Tourists are being scammed in Bali after losing their cards in ATMs

‘Beware all!’ Tourists are being scammed in Bali after losing their cards in ATMs and being charged THOUSANDS of dollars.

Travelers to Bali have been warned about an ATM card scam which has seen tourists lose thousands of dollars.

Victims of the scam say their accounts were emptied after trying to use their cards at ATMs inside mini-marts.

Professor Allan Manning, founder and executive chairman of insurance company LMI Group, warned on Tuesday that those traveling to Bali should only use ATMs inside banks.

Mr. Manning said on his blog that some machines at mini-marts will swallow credit cards.

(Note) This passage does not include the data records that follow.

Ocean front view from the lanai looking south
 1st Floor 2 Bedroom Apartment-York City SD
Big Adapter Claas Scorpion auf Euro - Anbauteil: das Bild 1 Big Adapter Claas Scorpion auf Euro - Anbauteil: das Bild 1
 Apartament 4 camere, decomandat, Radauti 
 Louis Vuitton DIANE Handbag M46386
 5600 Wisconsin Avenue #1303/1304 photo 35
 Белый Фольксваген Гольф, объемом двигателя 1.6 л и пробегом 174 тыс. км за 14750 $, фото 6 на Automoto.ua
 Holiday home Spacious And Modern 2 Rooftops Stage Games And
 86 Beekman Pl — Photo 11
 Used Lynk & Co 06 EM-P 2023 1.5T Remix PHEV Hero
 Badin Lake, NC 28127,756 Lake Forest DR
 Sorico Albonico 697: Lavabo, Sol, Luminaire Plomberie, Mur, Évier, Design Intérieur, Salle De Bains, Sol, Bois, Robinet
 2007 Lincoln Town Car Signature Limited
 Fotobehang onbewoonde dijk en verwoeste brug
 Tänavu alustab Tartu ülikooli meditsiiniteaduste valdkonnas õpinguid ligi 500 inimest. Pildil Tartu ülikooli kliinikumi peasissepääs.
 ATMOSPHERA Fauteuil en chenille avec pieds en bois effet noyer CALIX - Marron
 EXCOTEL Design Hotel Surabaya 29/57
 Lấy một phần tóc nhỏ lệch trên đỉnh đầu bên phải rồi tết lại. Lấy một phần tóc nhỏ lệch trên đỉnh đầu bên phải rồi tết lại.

He explained that after reporting the error to the shop owner, the owner will suggest putting in a pin number to retrieve the card.

‘You can imagine what happens, as soon as you enter your pin, all the money in the account, or your daily limit at least, is charged and you do not get your card back, or any money,’ Mr. Manning wrote.

He said that those visiting Bali should only ever use ATM machines that are inside banks and not convenience stores.

Mr. Manning said that if someone’s card is swallowed, they should not put in the pin number and cancel the card immediately.

‘If you have entered your pin number, the bank WILL NOT refund the money and you will be out of pocket,’ Mr. Manning said.

Many have fallen victim to Bali’s illegal ATM machines with some warning others online.

‘Do not use any bank atm outlets in Bali as all of them are compromised, it seems to be a mother of all scams!’ one person said on Twitter.

‘Watch out for atm in Canggu, we got the card back but no money. Even though the money was missing on our account,’ another wrote.

Tourists have also been warned to watch out for ‘skimming’ after multiple cases were reported in Bali.

Skimming involves placing a card reader inside what looks like a normal card machine. The reader then saves the card number and pin.

Five men from Bulgaria were arrested in February this year for skimming cards and were found with 78million Indonesian rupiah, an equivalent to more than $7000 Australian.

Police launched a surveillance program that lasted for five days before CCTV footage captured the skimmers in the act.